Top of SUPPLIED RECORDS

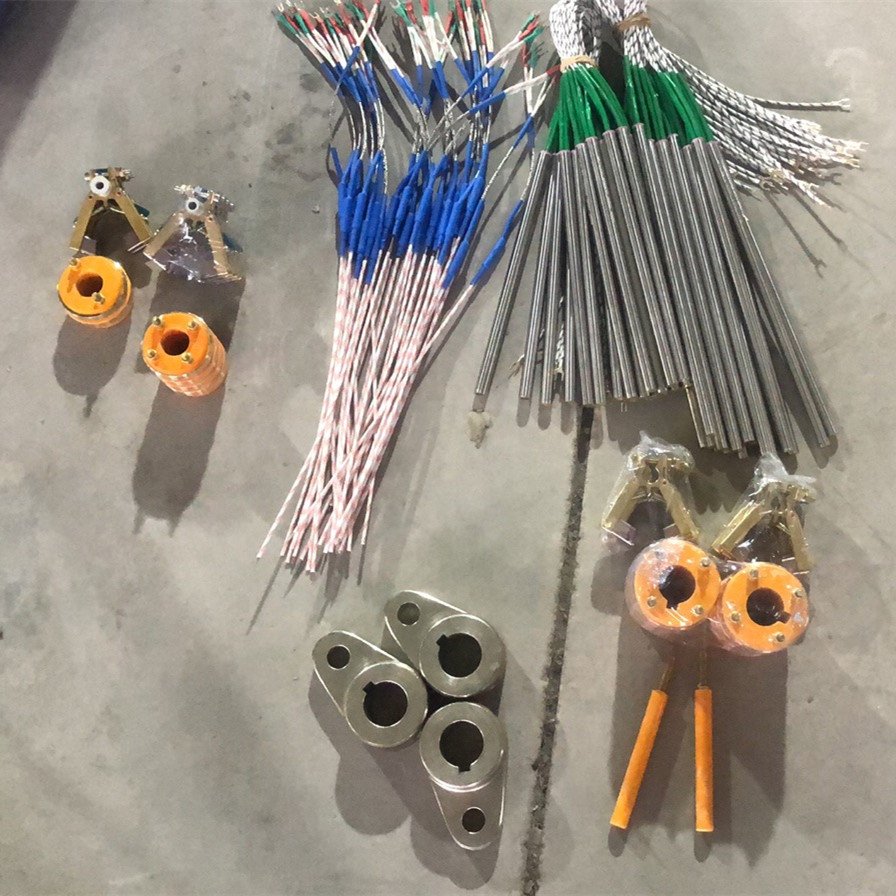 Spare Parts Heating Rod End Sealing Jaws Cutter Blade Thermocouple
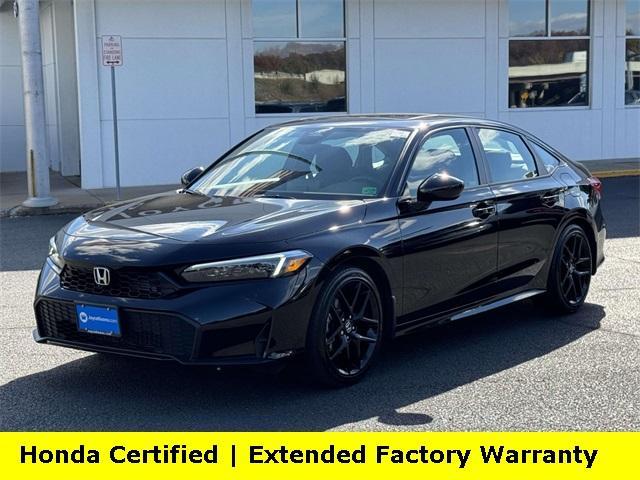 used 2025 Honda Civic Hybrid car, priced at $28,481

Bottom of SUPPLIED RECORDS
Top of SUPPLIED RECORDS

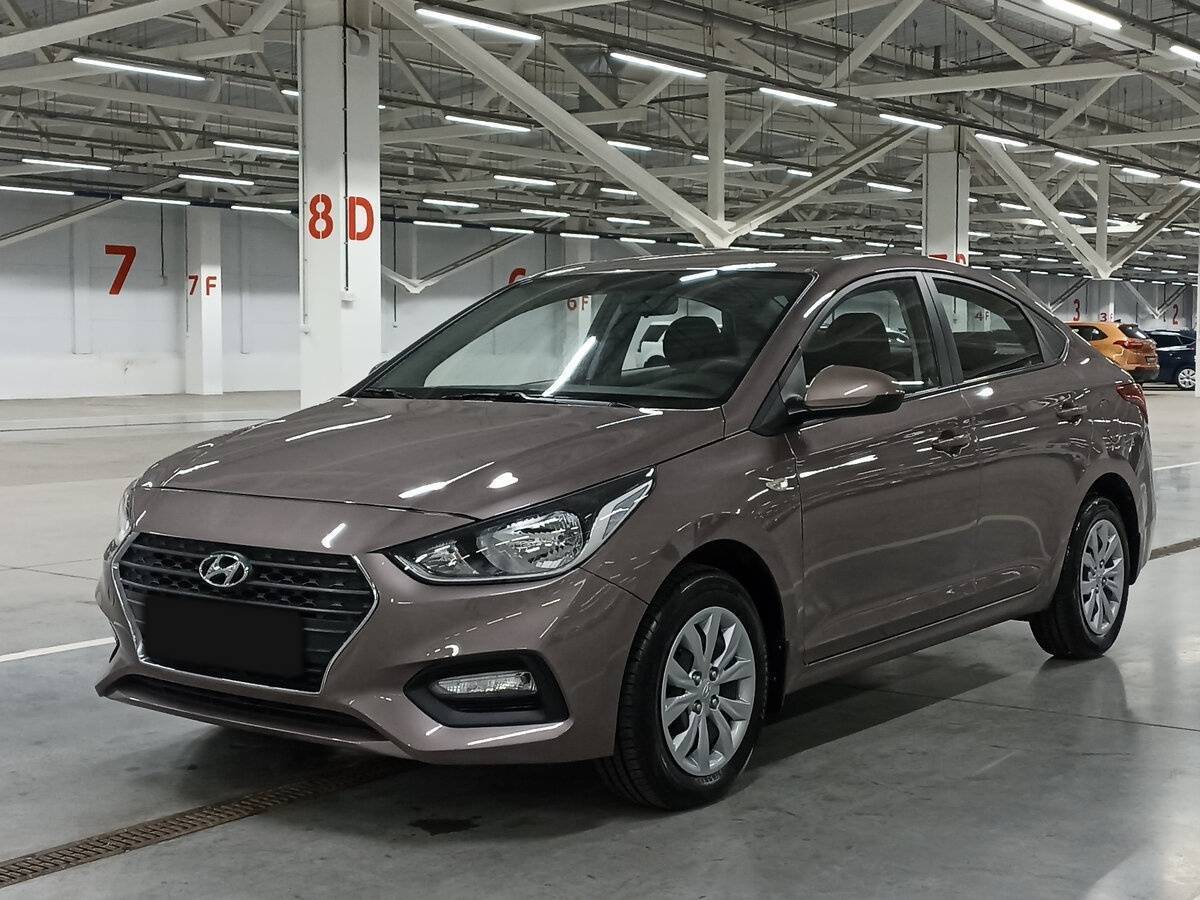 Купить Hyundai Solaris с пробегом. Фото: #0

Bottom of SUPPLIED RECORDS

_WORK ORDER_.
Look through the listing above for the line with "Spare Parts Heating" and the line with "used 2025 Honda". Write out exactly those lines and everything between, leaving out pictures.

_EXERCISE OUTPUT_.
 Spare Parts Heating Rod End Sealing Jaws Cutter Blade Thermocouple
 used 2025 Honda Civic Hybrid car, priced at $28,481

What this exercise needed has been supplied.